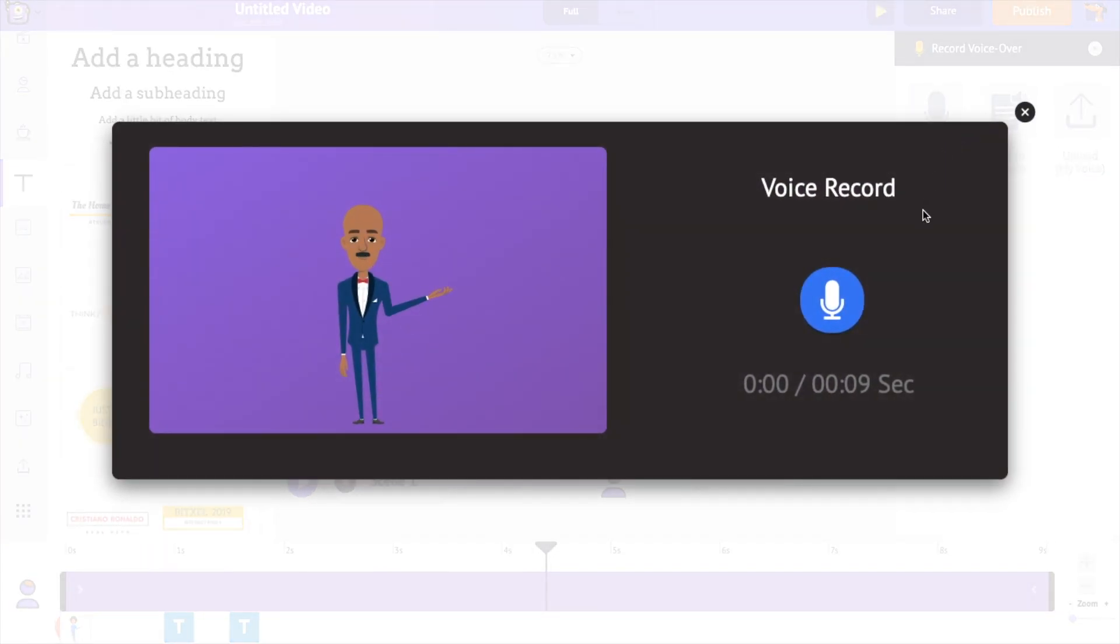First is the Record Voice option. Using this, you can directly record your voice into the app.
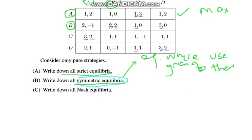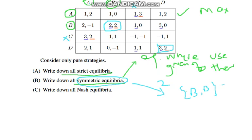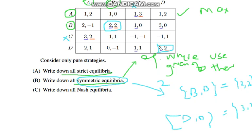Now we identify the symmetric equilibria, where both strategies of each player are the same. B and B is a symmetric equilibrium since if player one chooses B, player two also chooses B. C and A, and A and C are not symmetric equilibria. D and D is also a symmetric equilibrium. So there are two symmetric equilibria: B and B with expected payoffs of two and two, and D and D with expected payoffs of three and two.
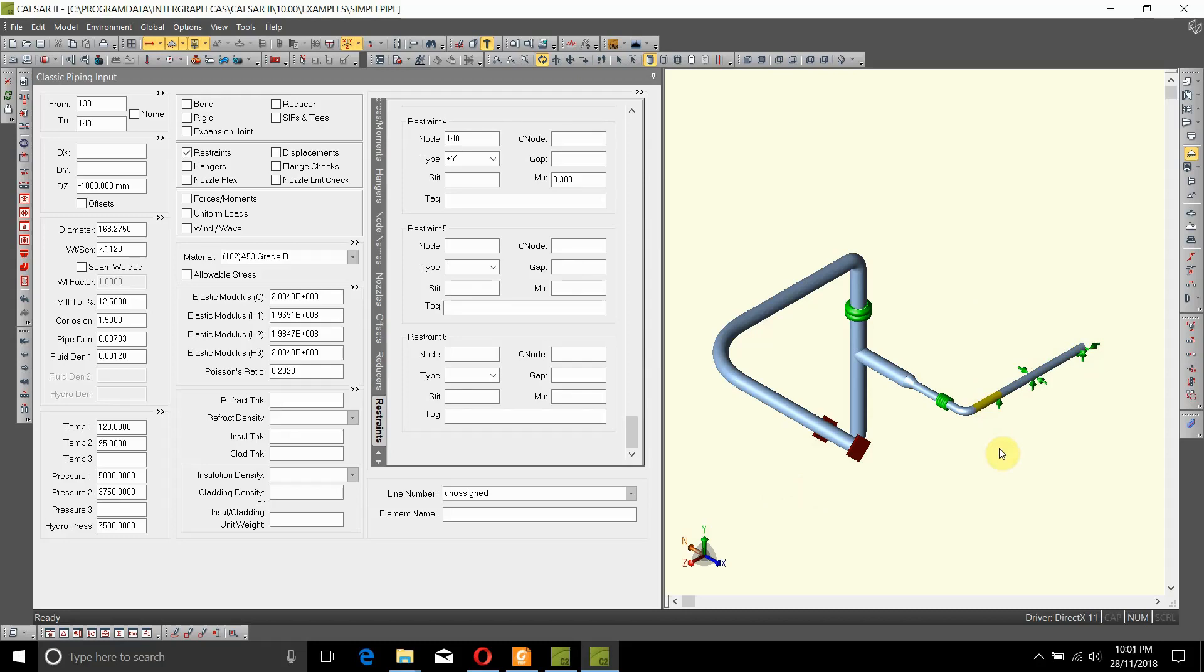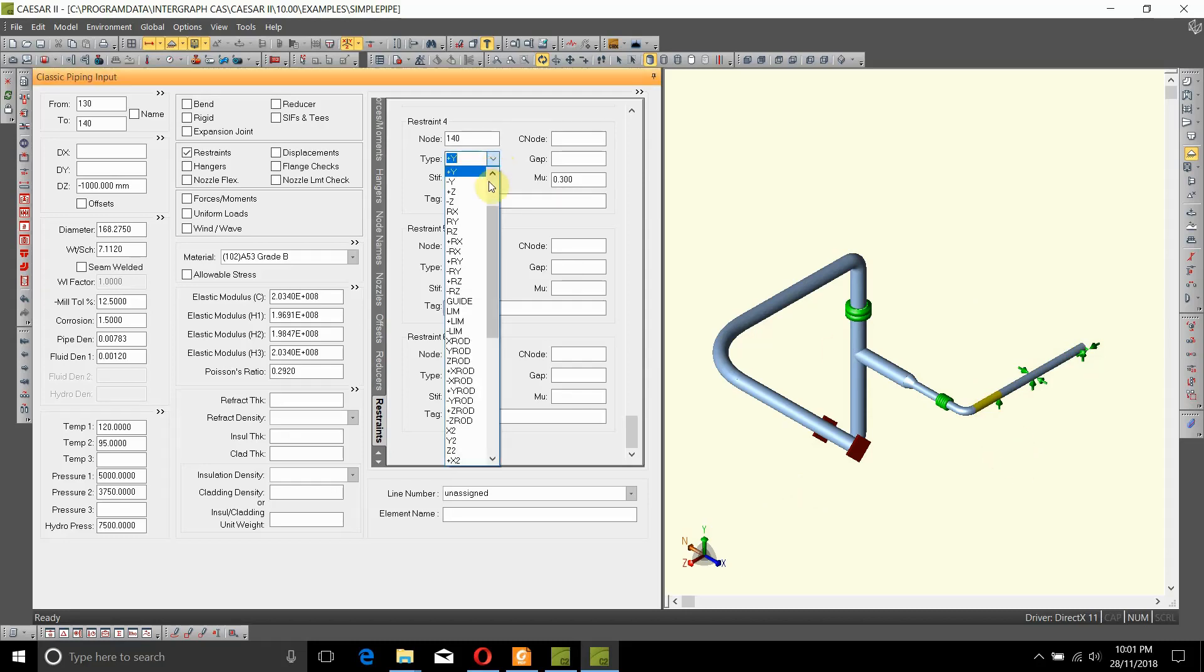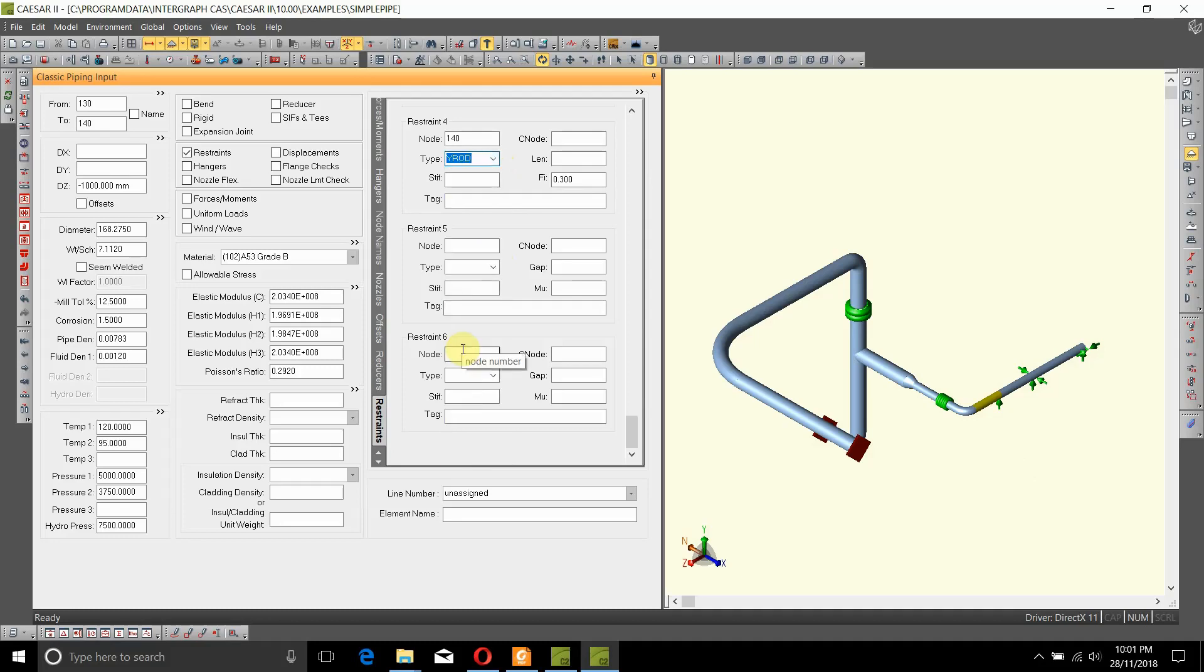It has to be supported by a hanger from top. So to change that, let's change the plus Y to Y rod support. You can give the length if you know the length that it is going to be hung from.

WHAT IS REQUIRED:
Only an exact copy is needed: the lines from the opening of the listing through the line with "Now we identify", both included, minus the pictures.

TASK ANSWER:
First is the Record Voice option. Using this, you can directly record your voice into the app.
Now we identify the symmetric equilibria, where both strategies of each player are the same. B and B is a symmetric equilibrium since if player one chooses B, player two also chooses B. C and A, and A and C are not symmetric equilibria. D and D is also a symmetric equilibrium. So there are two symmetric equilibria: B and B with expected payoffs of two and two, and D and D with expected payoffs of three and two.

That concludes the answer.